The team studied 226 patients with a breast lesion with a likelihood of malignancy and imaged them with ultrasound-guided diffuse optical tomography prior to their standard of care ultrasound-guided biopsy. The ultrasound-guided diffuse optical tomography provided total hemoglobin concentration maps and blood oxygen saturation levels to the study radiologists for reconsidering their biopsy decision. Hemoglobin, which is carried by red blood cells, absorbs the near-infrared light. A higher level of hemoglobin raises suspicion for cancer. Blood oxygen saturation, or the amount of oxygen in the blood, is another biomarker for indicating tumor metabolism. A lower level of blood oxygen saturation is indicative of suspicion for cancer.
The total hemoglobin concentration of patients with a malignant tumor was significantly higher than that of all benign lesions, the researchers found. The blood oxygen saturation was significantly lower in malignant lesions than in benign lesions. In addition, total hemoglobin concentration was significantly higher in grade 3 cancerous lesions than in grades 1 and 2, while the blood oxygen saturation was significantly lower.
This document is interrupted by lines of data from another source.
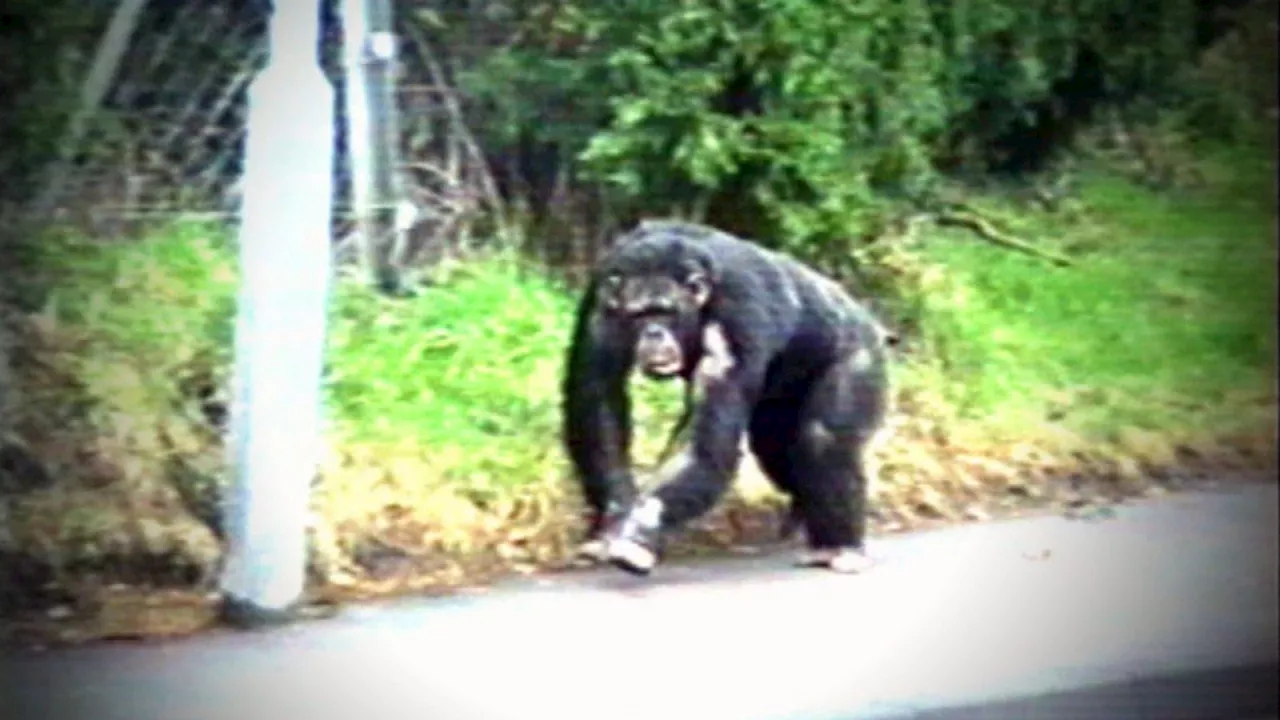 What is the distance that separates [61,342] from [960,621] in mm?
1064

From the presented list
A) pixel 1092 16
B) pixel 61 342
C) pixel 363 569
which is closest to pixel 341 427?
pixel 363 569

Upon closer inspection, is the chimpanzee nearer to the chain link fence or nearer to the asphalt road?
the asphalt road

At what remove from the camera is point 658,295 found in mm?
2197

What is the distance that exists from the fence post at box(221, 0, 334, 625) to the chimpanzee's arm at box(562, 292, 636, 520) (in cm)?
27

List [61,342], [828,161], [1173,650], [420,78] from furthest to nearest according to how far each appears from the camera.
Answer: [1173,650], [828,161], [420,78], [61,342]

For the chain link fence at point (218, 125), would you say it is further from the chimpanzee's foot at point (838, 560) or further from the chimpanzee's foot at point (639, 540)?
the chimpanzee's foot at point (838, 560)

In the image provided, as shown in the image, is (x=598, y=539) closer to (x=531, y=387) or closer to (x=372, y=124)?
(x=531, y=387)

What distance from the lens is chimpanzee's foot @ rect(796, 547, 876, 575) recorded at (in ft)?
7.55

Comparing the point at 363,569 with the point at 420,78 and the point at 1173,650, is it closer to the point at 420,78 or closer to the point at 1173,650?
the point at 420,78

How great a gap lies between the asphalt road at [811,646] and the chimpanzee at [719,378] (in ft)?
0.24

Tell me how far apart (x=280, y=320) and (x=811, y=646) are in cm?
71

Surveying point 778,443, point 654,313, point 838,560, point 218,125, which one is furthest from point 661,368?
point 218,125

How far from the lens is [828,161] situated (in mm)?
2279

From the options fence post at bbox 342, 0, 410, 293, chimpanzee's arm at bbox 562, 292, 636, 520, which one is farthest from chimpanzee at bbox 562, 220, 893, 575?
fence post at bbox 342, 0, 410, 293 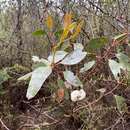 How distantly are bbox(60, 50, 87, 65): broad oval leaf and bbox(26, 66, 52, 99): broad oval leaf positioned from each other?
3 cm

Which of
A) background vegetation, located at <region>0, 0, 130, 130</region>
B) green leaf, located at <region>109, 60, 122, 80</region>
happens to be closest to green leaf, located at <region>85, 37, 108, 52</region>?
green leaf, located at <region>109, 60, 122, 80</region>

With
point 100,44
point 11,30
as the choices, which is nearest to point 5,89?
point 11,30

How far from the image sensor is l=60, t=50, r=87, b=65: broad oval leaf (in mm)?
507

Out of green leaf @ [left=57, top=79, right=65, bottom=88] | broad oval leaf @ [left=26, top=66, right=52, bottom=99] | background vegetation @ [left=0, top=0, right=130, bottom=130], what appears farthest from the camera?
background vegetation @ [left=0, top=0, right=130, bottom=130]

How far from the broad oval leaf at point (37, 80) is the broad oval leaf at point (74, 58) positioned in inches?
1.0

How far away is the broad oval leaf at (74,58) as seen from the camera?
0.51 m

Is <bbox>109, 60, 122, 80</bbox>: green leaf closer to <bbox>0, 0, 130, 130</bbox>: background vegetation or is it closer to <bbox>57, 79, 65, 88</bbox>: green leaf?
<bbox>57, 79, 65, 88</bbox>: green leaf

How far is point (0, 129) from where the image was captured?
276 centimetres

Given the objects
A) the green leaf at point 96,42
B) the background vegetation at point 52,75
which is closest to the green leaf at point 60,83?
the green leaf at point 96,42

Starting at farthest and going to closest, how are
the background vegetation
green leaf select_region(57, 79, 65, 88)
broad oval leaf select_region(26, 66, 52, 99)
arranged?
the background vegetation, green leaf select_region(57, 79, 65, 88), broad oval leaf select_region(26, 66, 52, 99)

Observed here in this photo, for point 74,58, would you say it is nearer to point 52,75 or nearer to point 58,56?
point 58,56

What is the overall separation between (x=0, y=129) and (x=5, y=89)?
3.66 ft

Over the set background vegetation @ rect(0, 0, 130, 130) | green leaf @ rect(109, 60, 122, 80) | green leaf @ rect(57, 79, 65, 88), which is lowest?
background vegetation @ rect(0, 0, 130, 130)

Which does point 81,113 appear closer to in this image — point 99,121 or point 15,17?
point 99,121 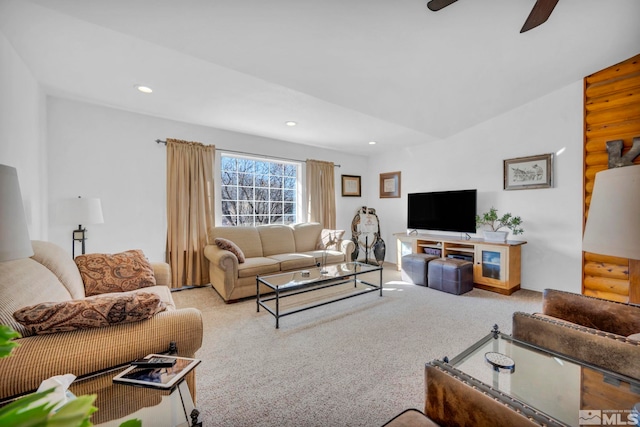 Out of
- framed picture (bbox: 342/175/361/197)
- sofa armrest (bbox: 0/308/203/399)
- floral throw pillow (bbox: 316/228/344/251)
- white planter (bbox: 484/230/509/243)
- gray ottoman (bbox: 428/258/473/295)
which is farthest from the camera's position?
framed picture (bbox: 342/175/361/197)

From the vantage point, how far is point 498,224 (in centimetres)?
403

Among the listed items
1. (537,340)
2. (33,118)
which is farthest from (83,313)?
(33,118)

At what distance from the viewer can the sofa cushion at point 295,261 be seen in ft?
12.2

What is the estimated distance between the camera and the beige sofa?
129 inches

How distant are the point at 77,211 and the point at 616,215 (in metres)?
3.88

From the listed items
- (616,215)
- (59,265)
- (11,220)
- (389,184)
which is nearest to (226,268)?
(59,265)

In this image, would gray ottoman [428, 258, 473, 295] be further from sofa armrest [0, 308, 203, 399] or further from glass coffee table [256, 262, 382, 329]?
sofa armrest [0, 308, 203, 399]

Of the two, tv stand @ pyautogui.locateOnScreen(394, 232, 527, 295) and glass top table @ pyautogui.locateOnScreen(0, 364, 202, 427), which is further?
tv stand @ pyautogui.locateOnScreen(394, 232, 527, 295)

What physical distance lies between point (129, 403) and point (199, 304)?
7.30ft

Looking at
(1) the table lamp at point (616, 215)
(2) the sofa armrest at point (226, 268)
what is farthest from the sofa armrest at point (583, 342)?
(2) the sofa armrest at point (226, 268)

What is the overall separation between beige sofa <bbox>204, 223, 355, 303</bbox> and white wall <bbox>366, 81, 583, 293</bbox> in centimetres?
227

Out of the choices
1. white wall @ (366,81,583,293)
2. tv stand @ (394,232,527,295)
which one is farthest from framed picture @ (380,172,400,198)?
tv stand @ (394,232,527,295)

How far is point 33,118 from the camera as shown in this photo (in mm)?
2568

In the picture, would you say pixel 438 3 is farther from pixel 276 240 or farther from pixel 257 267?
pixel 276 240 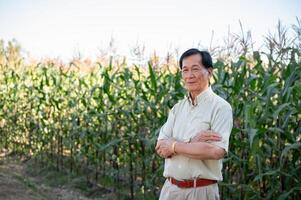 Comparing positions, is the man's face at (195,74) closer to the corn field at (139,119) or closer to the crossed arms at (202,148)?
the crossed arms at (202,148)

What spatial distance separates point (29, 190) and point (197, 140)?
4.13m

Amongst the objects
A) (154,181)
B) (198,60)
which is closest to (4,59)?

While the blood oxygen saturation of cancerous lesions smaller than 2 centimeters was not significantly different from that of cancerous lesions larger than 2 centimeters, the blood oxygen saturation differed significantly between the two groups.
In total, they found 70 invasive carcinomas, seven ductal carcinomas in situ, nine high-risk lesions and 140 benign lesions. Integrating total hemoglobin concentration and blood oxygen saturation derived from ultrasound-guided diffuse optical tomography with the classification assessment from the radiologists reduced the number of unnecessary benign biopsies by 24.54%.
Zhu said the team is looking to further reduce the system cost, optimizing AI-tools developed for data processing, imaging reconstruction, and dual-modality based lesion diagnosis, and commercialize the technology so it could be used at the bedside in a clinical setting.
The study team consisted of physicians of Steven P. Poplack, MD, professor of radiology (breast imaging) at Stanford University; Ian Hagemann, MD, PhD, professor in the Department of Pathology at WashU Medicine; Jaimee Mannix, MD, assistant professor of radiology, Kimberly Wiele, MD, professor of radiology, and Megan Luther, clinical research coordinator II, all from MIR; and Jingqin Luo, professor of surgery, Division of Public Health Sciences, at WashU Medicine.
Zhu Q, Bennett D, Hagemann IS, Mannix J, Wiele K, Luther M, Luo J, Poplack SP. Ultrasound-guided diffuse optical tomography: An adjunct to ultrasound that can reduce unnecessary breast biopsies. Breast Cancer Research, published online Dec. 31, 2025. DOI: https://doi.org/10.1186/s13058-025-02206-3
Funding for this research was provided by the National Cancer Institute of the National Institutes of Health (R01CA228047).